- Brief -
Copy everything in the listing below word for word, apart from any images.

- Supplied material -
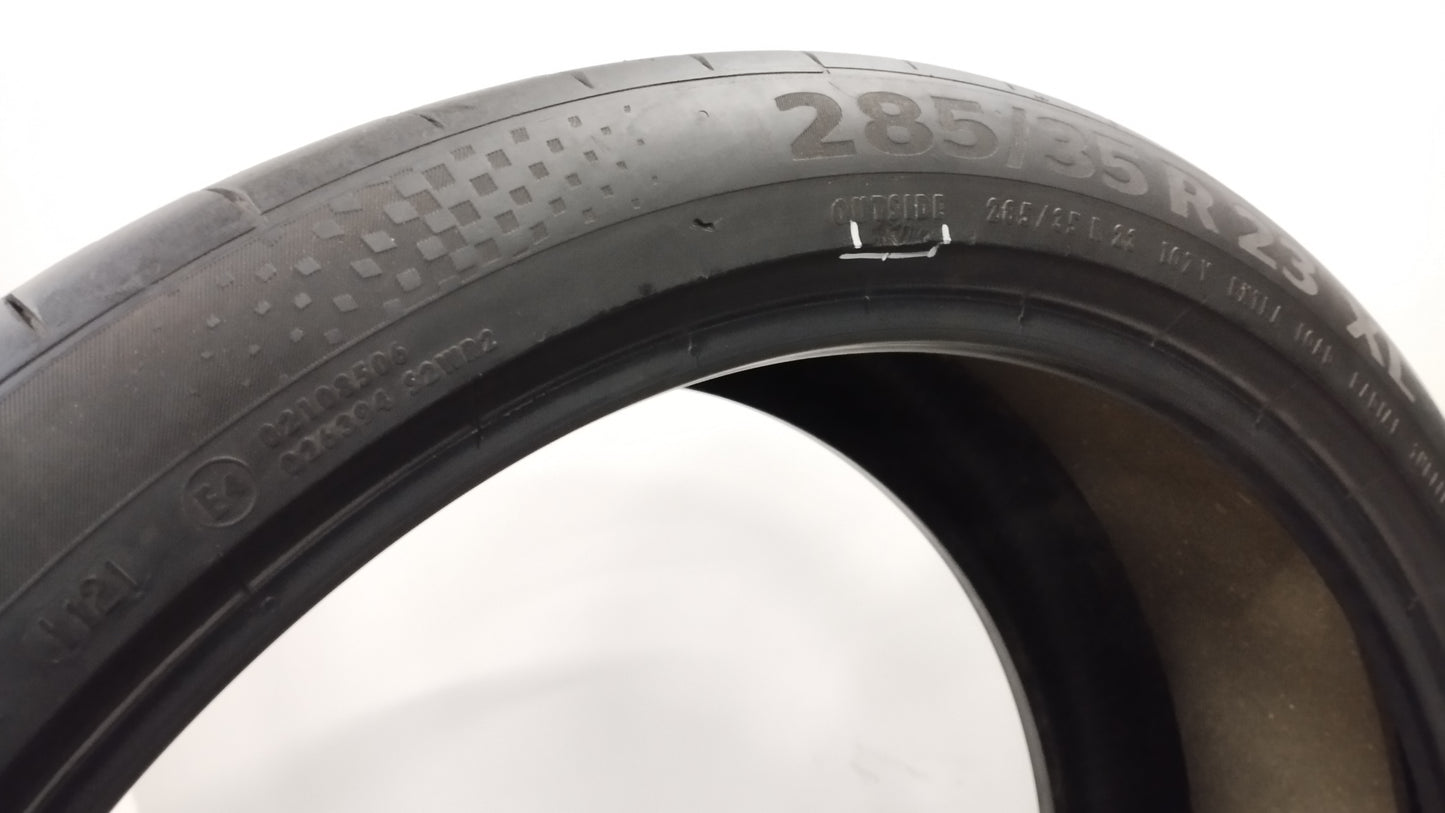 continental 285/35 r23 sportcontact 6 cod.YY2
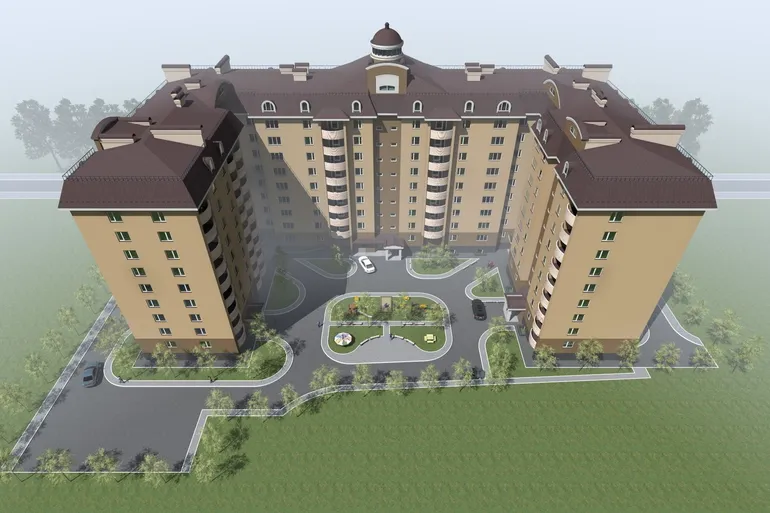 ЖК Бородянський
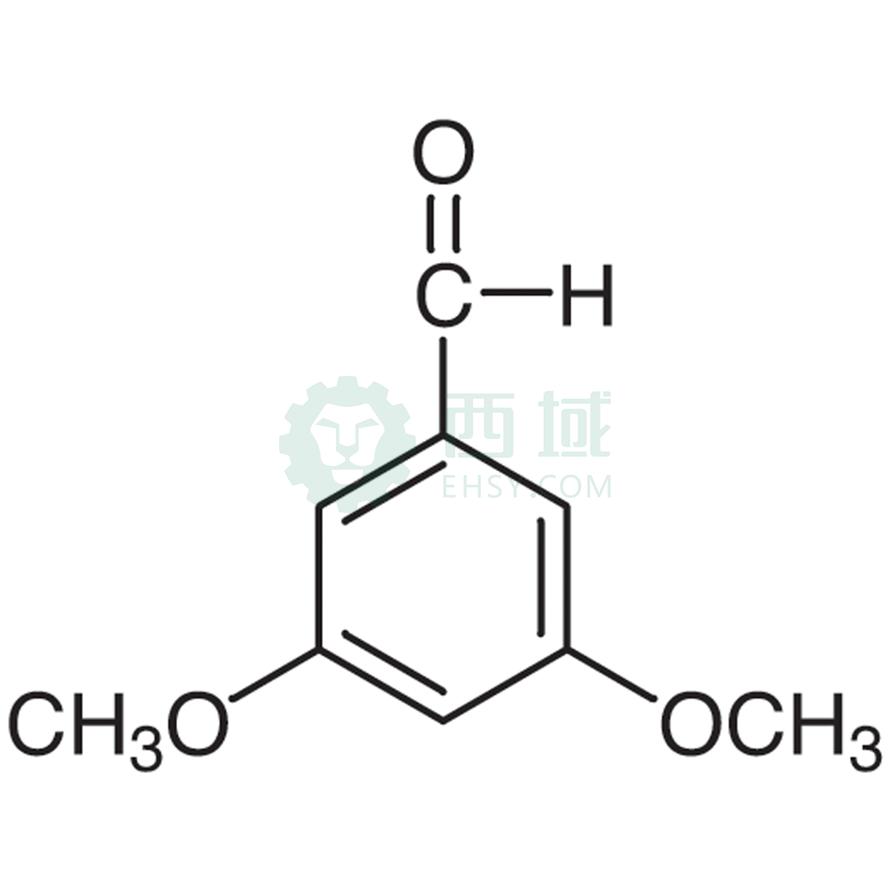 梯希爱/TCI 3,5-二甲氧基苯甲醛，D1164-5G CAS:7311-34-4，98.0%，5G 售卖规格：1瓶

- Expected answer -
 continental 285/35 r23 sportcontact 6 cod.YY2
 ЖК Бородянський
 梯希爱/TCI 3,5-二甲氧基苯甲醛，D1164-5G CAS:7311-34-4，98.0%，5G 售卖规格：1瓶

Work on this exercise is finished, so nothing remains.